[144509] in cryptography@c2.net mail archive
Re: Factoring attack against RSA based on Pollard's Rho
daemon@ATHENA.MIT.EDU (Victor Duchovni)
Sun Jun 7 17:51:30 2009
Date: Sun, 7 Jun 2009 14:17:52 -0400
From: Victor Duchovni <Victor.Duchovni@morganstanley.com>
To: cryptography@metzdowd.com
Mail-Followup-To: cryptography@metzdowd.com
In-Reply-To: <4A2BE676.3070809@links.org>
On Sun, Jun 07, 2009 at 05:10:30PM +0100, Ben Laurie wrote:
> Paul Hoffman wrote:
> > At 8:07 PM -0700 6/5/09, Greg Perry wrote:
> >> Greetings list members,
> >>
> >> I have published a unique factoring method related to Pollard's Rho
> >> that is published here:
> >>
> >> http://blog.liveammo.com/2009/06/factoring-fun/
> >>
> >> Any feedback would be appreciated.
> >
> > Is there any practical value to this work? That's a serious question.
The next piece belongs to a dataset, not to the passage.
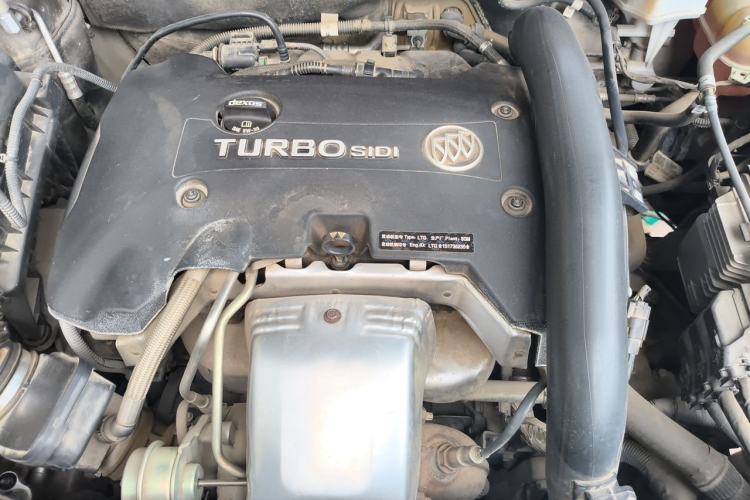 Used Buick Envision 2014 28T Four-Wheel Drive Elite Model Engine Bay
> > The main statement about the value is "This is a factoring attack
> > against RSA with an up to 80% reduction in the search candidates
> > required for a conventional brute force key attack." Does that mean
> > that it reduces the search space for a 1024-bit RSA key to, at best
> > 205 bits (0.2 * 1024) of brute force?
>
> No, no. You don't multiply by .2, you add log_2(.2), which is around -3.
> So, 1021 bits.
Well, if this were a correct implementation of Pollard's rho, with a
polynomial (not some unspecified PRNG) iterator coupled with a cycle
finder (not just the computation of the gcd of each term with N), then
the run time would be a non-interesting O(2^256).
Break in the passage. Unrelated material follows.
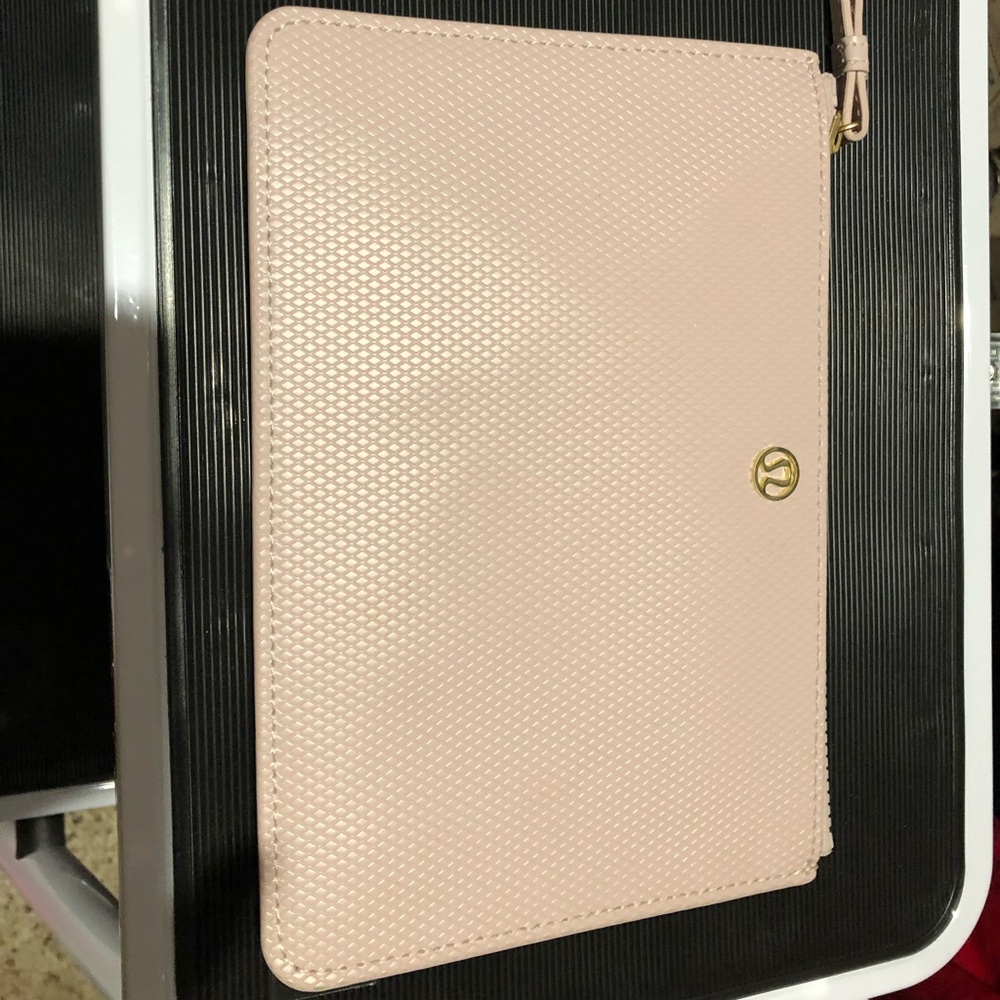 Lululemon pouch, wristlet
Now the claimed improvements of 80% are for a misconceived Pollard rho,
which uses random trials gcd(PRNG, N), with a non-polynomial PRNG and
no cycle finder. This should have a run-time of O(2^512), and the author
claims an 80% cost reduction to ~O(2^509), but even this claim is dubious.
--
Viktor.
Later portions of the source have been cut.